- [SOURCE MATERIAL]:
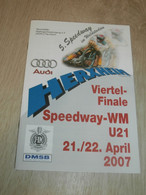 Speedway WM , Herxheim , 21./22.04.2007 , Programmheft / Programm / Rennprogramm , Program !!! - Motos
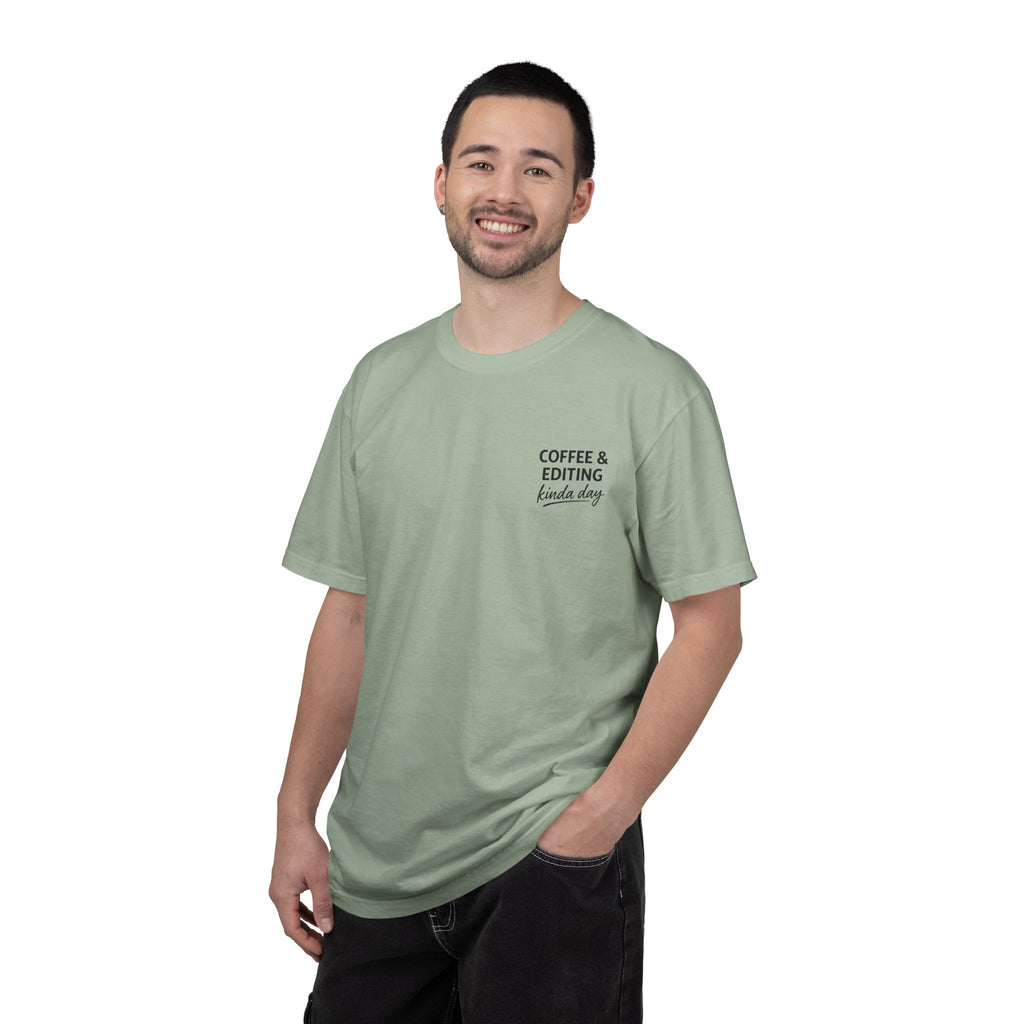 Coffee & Editing Kinda Day T-shirt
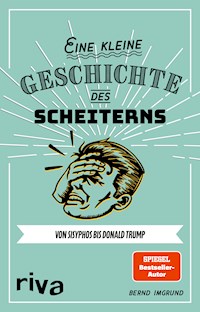 Eine kleine Geschichte des Scheiterns - Bernd Imgrund - E-Book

- [WHAT YOU NEED TO DO]:
Reproduce the whole listing above character for character; pictures do not belong in it.

- [ANSWER]:
 Speedway WM , Herxheim , 21./22.04.2007 , Programmheft / Programm / Rennprogramm , Program !!! - Motos
 Coffee & Editing Kinda Day T-shirt
 Eine kleine Geschichte des Scheiterns - Bernd Imgrund - E-Book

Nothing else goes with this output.